それ、言いたいだけでしょ。まあ、緊縮財政に比べたら随分と前向きな言葉に思えるかもね。
うん!だって私たちの所得を増やす政策なんでしょ~?
財政出動の目的は『税金や国債などの財政資金を公共事業などに投資することによって公的需要・総需要を増加させ、国内総生産(GDP)や民間消費などの増加促進を図ること』だよ。
急に改まった難しい言い方したけど、結果として私たちの所得が増えるって事よね!
そうだね。そら美ちゃんは、財政出動って言ったら、どんな政策があると思う?
うーんと・・・何だろう?あ、給付金とか?
うん、それもそうだね。でも、それだと半分くらいしか目的を達成できないね。
目的?私たちの所得を増やすことが目的じゃないの?
正確に言えば、それは目的と言うよりはむしろ手段かな。一番の目的は「国民みんなにお金を使ってもらうこと」だよ。
あ!そっか。貯蓄に回ったら意味ないもんね。
そう。国民の所得を増やし、支出(消費)させる事が目的。だから、給付金だけでは目的を達成できない可能性がある。
そっかぁ。じゃあ、どうすればいいの?
そうするには支出(消費)に繋がる政策が必要になるね。
そんな都合のいい政策ってあるの?
もちろんあるよ。例えばエコカー減税。エコカー減税は、車を購入した際に利用できる制度だからね。
なるほど!必ず消費行動が伴うんだね!
そう。だから効果が高いんだ。
給付金も嬉しいけど、消費をした人が得をするってのは、確かに理にかなった手法だね!
そうだね。しかし、これはあくまで車を買う財力のある人しか利用できない制度。
確かに、車って高い買い物だもんね。
そう。
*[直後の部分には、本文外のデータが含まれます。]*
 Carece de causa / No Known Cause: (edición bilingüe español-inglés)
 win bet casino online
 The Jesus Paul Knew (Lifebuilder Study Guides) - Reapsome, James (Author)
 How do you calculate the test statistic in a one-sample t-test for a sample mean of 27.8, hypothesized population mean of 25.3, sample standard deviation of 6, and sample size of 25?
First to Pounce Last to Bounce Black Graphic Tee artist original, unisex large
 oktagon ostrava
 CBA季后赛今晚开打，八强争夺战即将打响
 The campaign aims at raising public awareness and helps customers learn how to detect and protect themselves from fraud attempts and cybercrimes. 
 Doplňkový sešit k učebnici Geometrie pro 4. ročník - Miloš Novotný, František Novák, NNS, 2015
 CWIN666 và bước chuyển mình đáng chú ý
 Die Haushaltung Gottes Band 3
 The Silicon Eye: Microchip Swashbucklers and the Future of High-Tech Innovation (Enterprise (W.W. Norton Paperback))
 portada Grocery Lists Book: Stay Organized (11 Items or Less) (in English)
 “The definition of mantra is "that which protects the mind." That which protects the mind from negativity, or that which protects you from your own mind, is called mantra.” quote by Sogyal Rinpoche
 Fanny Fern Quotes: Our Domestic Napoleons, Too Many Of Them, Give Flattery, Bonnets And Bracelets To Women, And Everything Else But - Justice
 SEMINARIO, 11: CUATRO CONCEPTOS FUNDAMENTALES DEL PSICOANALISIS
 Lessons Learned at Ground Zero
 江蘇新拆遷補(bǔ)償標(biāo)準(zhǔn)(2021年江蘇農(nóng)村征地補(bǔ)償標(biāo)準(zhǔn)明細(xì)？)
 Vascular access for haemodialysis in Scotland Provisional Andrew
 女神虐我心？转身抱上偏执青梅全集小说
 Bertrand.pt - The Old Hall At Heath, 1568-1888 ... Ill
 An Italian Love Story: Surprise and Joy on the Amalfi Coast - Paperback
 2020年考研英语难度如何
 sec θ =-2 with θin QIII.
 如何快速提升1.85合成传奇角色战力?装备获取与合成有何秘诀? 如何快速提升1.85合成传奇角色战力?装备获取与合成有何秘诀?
本当に困っている所得の低い人には何のメリットもない制度とも言える。
他にはないの?
住宅ローン減税もあるけど、これもマイホームを買えるだけの収入がある人しか利用できないね。
私にはマイホームなんか買えません・・・。
そう考えると、所得の低い人が利用できる減税対策を立てる事が、一つの方策と言えるね。
それ、ぜひお願いしたい。
消費税の性質と問題を考える
あとは、一番有効で手っ取り早いのが、消費税の減税だね。
消費税の減税なら、どんな人にも恩恵あるからいいね!
ぼく個人的には、真っ先に実施すべき経済政策だと思っている。デフレ不況から脱却するまでの間、消費税0%でいいと思うよ。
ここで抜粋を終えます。